Let me state from the very beginning.  Our response to the Ebola epidemic must be swift and effective to match the scale and urgency of the challenge. Now is the time for action.

We must catch up with the menacing exponential curve of the virus.

The crisis is multi-dimensional, with serious effects not only on public health but also on food security, on social cohesion, on economic and political stability.

Hard-won development progress is in jeopardy.

Neighbours are at risk.

None of us are insulated from the threat posed by Ebola.

It is a global concern and demands a global response in compassion and solidarity with those affected.

That is why the Secretary-General formed the Global Ebola Response Coalition to galvanize international action, as well as the UN Mission for Ebola Emergency Response (UNMEER) to coordinate action on the ground.

The Secretary-General and I thank the General Assembly and also the Security Council and Member States for their decisive and generous support for these initiatives.

This morning I presided over the first meeting of the Core Group of the Global Ebola Response Coalition.

We noted a wide range of actions and commitments to stop the epidemic and discussed how we could most effectively catalyze action.

But, let us be clear - while the UN has stepped up to play a leading role, we cannot do this work alone. 

No country, no organization can.  This crisis requires a collective mobilization outside and inside the affected countries, as the President just stated.

Here I would like to pay tribute to the courageous work of local health workers since the very onset of the outbreak in March.

Many national health workers have lost their lives.

Others, also working for organizations such as Medécins Sans Frontières and the International Federation of the Red Cross and Red Crescent, are selflessly risking their lives.  So, too, are our colleagues from many UN agencies.

Defeating Ebola is going to demand the best efforts of all of us working together – Governments, multilateral development banks, international and nongovernmental organizations and many others.

We must work in concert to support the affected countries to implement their national response strategies for Ebola.

To that end, we are rapidly deploying people and assets and are working with unprecedented collaboration and speed. 
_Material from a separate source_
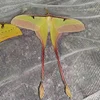Real insect specimen Actias dubernardi Oberthur Collection hobby DIY crafts home decoration 4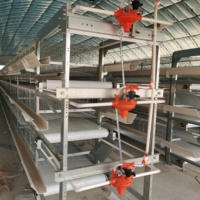 Cage de batterie pour l'élevage de volailles, pigeons et cailles avec système d'abreuvement automatique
We are guided by five simple commands:

One, stop transmission; two, treat those with Ebola; three, ensure essential services; four, reserve stability and five, prevent further spread.

The UN peacekeeping mission in Liberia (UNMIL), and all UN entities in the affected countries, have been providing critical assistance for many months.  They are continuing to partner within the unified framework provided by UNMEER.

On 29 September, SRSG Banbury arrived at UNMEER’s headquarters in Accra with an advance team.

He has just finished a week-long assessment visit to the three most affected countries – Liberia, Sierra Leone and Guinea - to assess how UNMEER can best augment international and national structures and programmes without duplicating them.

The Secretary-General has just appointed Ebola Crisis Managers for each country, and he is in regular contact with the three Presidents of the three most affected countries.

And Special Envoy Dr. David Nabarro – at my side - remains fully engaged in efforts to forge strategic partnerships through the Global Ebola Response Coalition -- to achieve the massive scale-up of financial and in-kind resources that is so urgently needed.

There are now over eighty newly deployed UNMEER staff in the Mission area, with more on the way.

But many more staff will be needed to reach those areas where support is most needed, especially at the district level of the three countries.

I now appeal to all Member States to act generously and swiftly.  Speed is of the essence.  A contribution within days is more important than a larger contribution within weeks.

Recent cases of the virus outside the region have shown that this is a global crisis.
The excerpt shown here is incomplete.